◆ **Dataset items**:

****************

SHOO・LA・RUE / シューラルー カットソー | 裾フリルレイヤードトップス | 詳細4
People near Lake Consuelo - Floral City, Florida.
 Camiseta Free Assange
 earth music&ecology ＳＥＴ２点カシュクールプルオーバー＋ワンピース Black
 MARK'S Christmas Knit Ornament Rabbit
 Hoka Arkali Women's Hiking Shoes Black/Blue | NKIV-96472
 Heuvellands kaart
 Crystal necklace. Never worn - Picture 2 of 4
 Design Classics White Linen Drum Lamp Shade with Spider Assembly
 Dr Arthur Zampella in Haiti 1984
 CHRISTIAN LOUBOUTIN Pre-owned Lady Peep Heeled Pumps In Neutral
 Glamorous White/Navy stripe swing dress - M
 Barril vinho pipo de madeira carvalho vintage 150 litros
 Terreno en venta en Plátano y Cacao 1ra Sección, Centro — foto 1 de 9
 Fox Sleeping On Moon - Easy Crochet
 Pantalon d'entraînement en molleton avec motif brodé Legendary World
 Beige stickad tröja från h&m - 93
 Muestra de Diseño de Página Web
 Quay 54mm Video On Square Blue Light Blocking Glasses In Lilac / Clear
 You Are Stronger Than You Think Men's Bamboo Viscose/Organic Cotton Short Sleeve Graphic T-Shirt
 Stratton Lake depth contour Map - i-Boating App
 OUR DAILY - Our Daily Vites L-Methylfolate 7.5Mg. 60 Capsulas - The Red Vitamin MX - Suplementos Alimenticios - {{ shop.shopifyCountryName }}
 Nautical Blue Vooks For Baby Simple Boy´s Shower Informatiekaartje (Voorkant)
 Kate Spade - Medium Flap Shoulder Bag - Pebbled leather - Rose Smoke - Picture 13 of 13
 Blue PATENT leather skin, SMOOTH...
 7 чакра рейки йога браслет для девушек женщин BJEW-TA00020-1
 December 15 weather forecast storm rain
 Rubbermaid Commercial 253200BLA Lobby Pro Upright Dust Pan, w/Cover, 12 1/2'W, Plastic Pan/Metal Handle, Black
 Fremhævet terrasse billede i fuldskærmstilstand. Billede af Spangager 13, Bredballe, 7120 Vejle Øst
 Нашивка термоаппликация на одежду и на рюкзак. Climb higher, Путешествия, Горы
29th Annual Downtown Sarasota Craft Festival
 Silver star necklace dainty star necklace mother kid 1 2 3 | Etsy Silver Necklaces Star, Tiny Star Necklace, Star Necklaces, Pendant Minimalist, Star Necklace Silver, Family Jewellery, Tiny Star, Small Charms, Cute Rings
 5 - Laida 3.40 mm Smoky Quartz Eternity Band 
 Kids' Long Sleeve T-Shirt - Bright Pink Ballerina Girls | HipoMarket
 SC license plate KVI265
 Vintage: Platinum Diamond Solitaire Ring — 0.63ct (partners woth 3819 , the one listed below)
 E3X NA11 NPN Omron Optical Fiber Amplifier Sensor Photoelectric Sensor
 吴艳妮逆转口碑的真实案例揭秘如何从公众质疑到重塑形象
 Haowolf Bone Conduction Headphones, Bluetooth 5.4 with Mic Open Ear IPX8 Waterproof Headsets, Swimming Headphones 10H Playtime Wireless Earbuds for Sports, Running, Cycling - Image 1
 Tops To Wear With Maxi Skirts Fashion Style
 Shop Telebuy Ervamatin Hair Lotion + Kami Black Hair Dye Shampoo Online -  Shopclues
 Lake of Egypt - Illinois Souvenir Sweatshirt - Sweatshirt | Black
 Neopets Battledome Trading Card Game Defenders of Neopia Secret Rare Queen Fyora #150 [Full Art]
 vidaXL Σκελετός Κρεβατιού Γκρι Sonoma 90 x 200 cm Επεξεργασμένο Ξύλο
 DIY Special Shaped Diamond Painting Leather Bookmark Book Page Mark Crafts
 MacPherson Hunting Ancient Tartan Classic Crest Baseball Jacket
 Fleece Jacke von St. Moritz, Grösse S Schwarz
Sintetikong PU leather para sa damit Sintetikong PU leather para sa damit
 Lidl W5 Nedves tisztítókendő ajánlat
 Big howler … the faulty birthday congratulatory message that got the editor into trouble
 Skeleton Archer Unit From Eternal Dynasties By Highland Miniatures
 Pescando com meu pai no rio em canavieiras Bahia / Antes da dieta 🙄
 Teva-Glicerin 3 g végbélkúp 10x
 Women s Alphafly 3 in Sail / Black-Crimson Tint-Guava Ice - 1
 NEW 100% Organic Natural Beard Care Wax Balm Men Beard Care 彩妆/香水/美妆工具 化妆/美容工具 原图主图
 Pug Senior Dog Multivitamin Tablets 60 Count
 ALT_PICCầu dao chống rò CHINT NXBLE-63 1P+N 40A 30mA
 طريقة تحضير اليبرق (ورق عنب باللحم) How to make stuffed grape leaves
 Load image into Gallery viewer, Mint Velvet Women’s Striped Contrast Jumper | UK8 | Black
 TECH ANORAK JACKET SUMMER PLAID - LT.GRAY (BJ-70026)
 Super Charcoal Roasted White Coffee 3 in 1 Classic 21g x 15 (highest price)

****************

◆ **Task goal**:
The range runs from the line above containing "7 чакра рейки" to the line containing "DIY Special Shaped", inclusive. Restate those lines word for word and no others.

◆ **Result below**:
 7 чакра рейки йога браслет для девушек женщин BJEW-TA00020-1
 December 15 weather forecast storm rain
 Rubbermaid Commercial 253200BLA Lobby Pro Upright Dust Pan, w/Cover, 12 1/2'W, Plastic Pan/Metal Handle, Black
 Fremhævet terrasse billede i fuldskærmstilstand. Billede af Spangager 13, Bredballe, 7120 Vejle Øst
 Нашивка термоаппликация на одежду и на рюкзак. Climb higher, Путешествия, Горы
29th Annual Downtown Sarasota Craft Festival
 Silver star necklace dainty star necklace mother kid 1 2 3 | Etsy Silver Necklaces Star, Tiny Star Necklace, Star Necklaces, Pendant Minimalist, Star Necklace Silver, Family Jewellery, Tiny Star, Small Charms, Cute Rings
 5 - Laida 3.40 mm Smoky Quartz Eternity Band 
 Kids' Long Sleeve T-Shirt - Bright Pink Ballerina Girls | HipoMarket
 SC license plate KVI265
 Vintage: Platinum Diamond Solitaire Ring — 0.63ct (partners woth 3819 , the one listed below)
 E3X NA11 NPN Omron Optical Fiber Amplifier Sensor Photoelectric Sensor
 吴艳妮逆转口碑的真实案例揭秘如何从公众质疑到重塑形象
 Haowolf Bone Conduction Headphones, Bluetooth 5.4 with Mic Open Ear IPX8 Waterproof Headsets, Swimming Headphones 10H Playtime Wireless Earbuds for Sports, Running, Cycling - Image 1
 Tops To Wear With Maxi Skirts Fashion Style
 Shop Telebuy Ervamatin Hair Lotion + Kami Black Hair Dye Shampoo Online -  Shopclues
 Lake of Egypt - Illinois Souvenir Sweatshirt - Sweatshirt | Black
 Neopets Battledome Trading Card Game Defenders of Neopia Secret Rare Queen Fyora #150 [Full Art]
 vidaXL Σκελετός Κρεβατιού Γκρι Sonoma 90 x 200 cm Επεξεργασμένο Ξύλο
 DIY Special Shaped Diamond Painting Leather Bookmark Book Page Mark Crafts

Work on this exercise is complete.